C’est ainsi que la question a été posée lors de ce forum. Mais alors, comment trouver des positions communes de gauche en Europe pour affronter la situation politique dans l’UE ? Comment affronter cette situation de crise du système démocratique actuel ? Pour qu’une unité soit possible, la participation à la fois des mouvements sociaux, des ONG, des syndicats et des hommes et femmes politiques est nécessaire. Après les attentats de 2001 et le lancement du Forum social européen (FSE) en 2002, il existait une capacité de mobilisation sociale européenne importante. À cette forte mobilisation succéda une période de déclin. En effet, certains mouvements sociaux importants ont soutenu des gouvernements qui n’ont finalement pas tenu leurs promesses.

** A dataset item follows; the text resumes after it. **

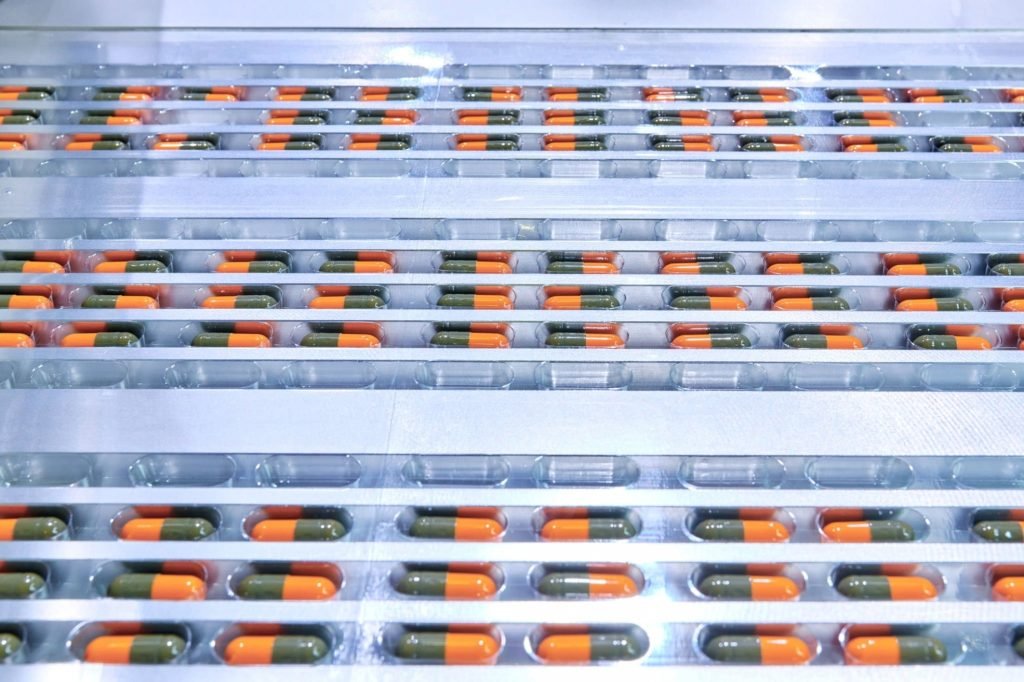 Pioneering Healthcare Evolution Indian Generic Pharma Business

Les annulations de dettes au cours de ce XXIe siècle et au delà ont toujours été le fruit de la détermination des mouvements sociaux

Malheureusement même le gouvernement de Syriza en Grèce n’a pas su représenter l’alternative que les Grecs attendaient. Au-delà de ce constat, il faut garder en tête que les luttes se gagnent dans la rue, dans la contestation, dans la solidarité et dans l’unité, comme l’a rappelé Marina Albiol Guzman. « Les puissants sont très unis, alors que nous n’avons pas su l’être suffisamment. Pour réussir, il faudra donner de l’espoir, de l’unité et avoir une direction commune ». Hormis la création de partis ou mouvements politiques tels que Podemos, Syriza, l’Altersummit, au niveau européen il apparaît difficile de retrouver la dynamique du FSE passé. Le Plan B en 2016 à Madrid a été le seul événement d’ampleur par sa participation et l’engagement des collectifs citoyens dans sa préparation. Il est indispensable que les hommes et femmes politiques au pouvoir et en faveur d’un changement lancent un appel au soutien d’autres peuples notamment européens sans quoi aucune mobilisation d’ampleur ne pourra se créer et avoir lieu. « L’appel est nécessaire pour la mobilisation » a rappelé Éric Toussaint. Par ailleurs, il est essentiel que les victimes des conflits sociaux puissent pleinement participer aux luttes qui ne voient pour l’instant que les militantEs engagéEs. Les droits pour tou-te-s doivent être au cœur de ces luttes et nos droits sociaux doivent passer avant les droits des créanciers.
« Nous devons réfléchir à quoi nous voulons obéir lorsque nous désobéirons au système. Nous devons désobéir aux droits de l’argent » a ainsi conclu Felipe Van Keirsblick.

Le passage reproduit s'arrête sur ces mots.